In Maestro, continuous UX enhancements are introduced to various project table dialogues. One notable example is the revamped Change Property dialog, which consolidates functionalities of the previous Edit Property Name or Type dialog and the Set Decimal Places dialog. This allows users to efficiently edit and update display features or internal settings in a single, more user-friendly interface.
# # # # # # #
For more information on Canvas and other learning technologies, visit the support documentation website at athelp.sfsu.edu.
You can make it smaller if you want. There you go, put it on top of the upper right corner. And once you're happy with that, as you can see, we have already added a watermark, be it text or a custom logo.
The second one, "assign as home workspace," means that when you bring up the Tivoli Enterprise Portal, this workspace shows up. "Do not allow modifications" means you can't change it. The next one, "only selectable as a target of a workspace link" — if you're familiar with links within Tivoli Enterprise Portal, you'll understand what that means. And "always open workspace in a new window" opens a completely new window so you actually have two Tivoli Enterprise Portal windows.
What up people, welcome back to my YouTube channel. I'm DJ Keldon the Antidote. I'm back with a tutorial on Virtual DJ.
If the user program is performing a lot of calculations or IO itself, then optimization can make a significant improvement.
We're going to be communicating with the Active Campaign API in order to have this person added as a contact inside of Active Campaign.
# # # # # # #
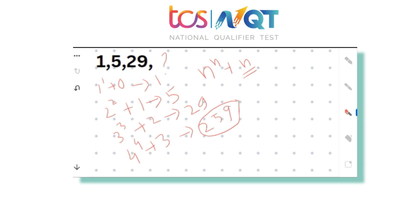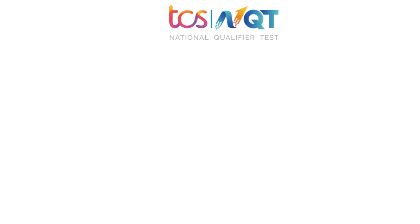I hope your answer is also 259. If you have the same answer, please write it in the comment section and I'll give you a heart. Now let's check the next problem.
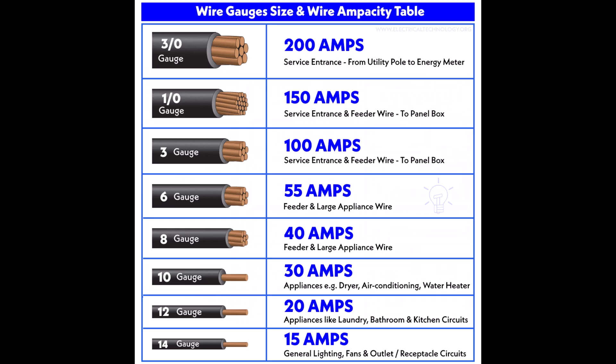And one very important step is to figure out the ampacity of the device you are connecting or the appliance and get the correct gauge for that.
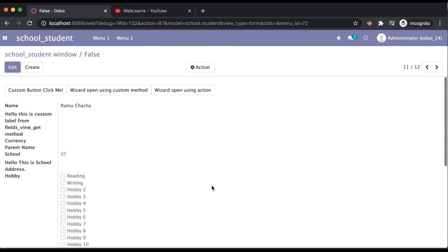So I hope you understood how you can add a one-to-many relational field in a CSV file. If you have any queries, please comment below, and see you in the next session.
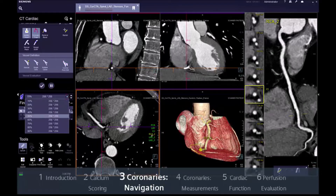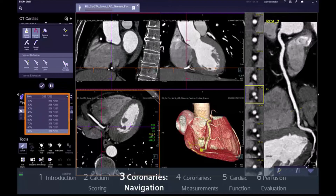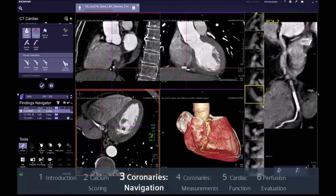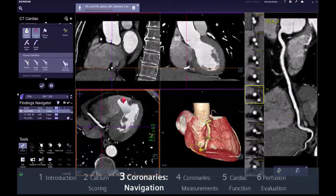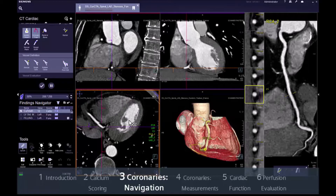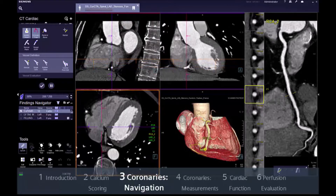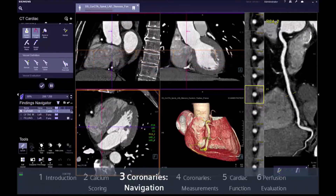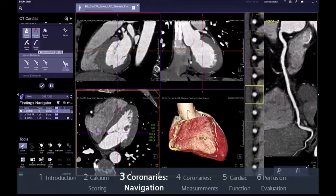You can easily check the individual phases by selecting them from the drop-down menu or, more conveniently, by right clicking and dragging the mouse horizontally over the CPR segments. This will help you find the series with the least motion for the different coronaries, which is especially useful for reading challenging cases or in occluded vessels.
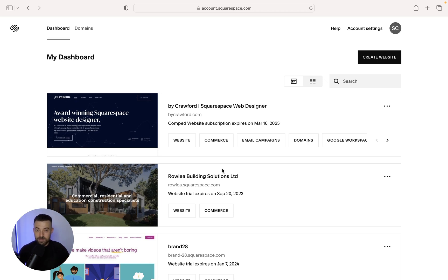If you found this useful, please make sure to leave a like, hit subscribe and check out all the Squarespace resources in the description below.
# # # # # # #
§ Directions: Would you copy the lines above exactly, starting with the one that has "And one very" and ending with the one that has "If you found", both included, without the pictures?

§ Your solution:
And one very important step is to figure out the ampacity of the device you are connecting or the appliance and get the correct gauge for that.
So I hope you understood how you can add a one-to-many relational field in a CSV file. If you have any queries, please comment below, and see you in the next session.
You can easily check the individual phases by selecting them from the drop-down menu or, more conveniently, by right clicking and dragging the mouse horizontally over the CPR segments. This will help you find the series with the least motion for the different coronaries, which is especially useful for reading challenging cases or in occluded vessels.
If you found this useful, please make sure to leave a like, hit subscribe and check out all the Squarespace resources in the description below.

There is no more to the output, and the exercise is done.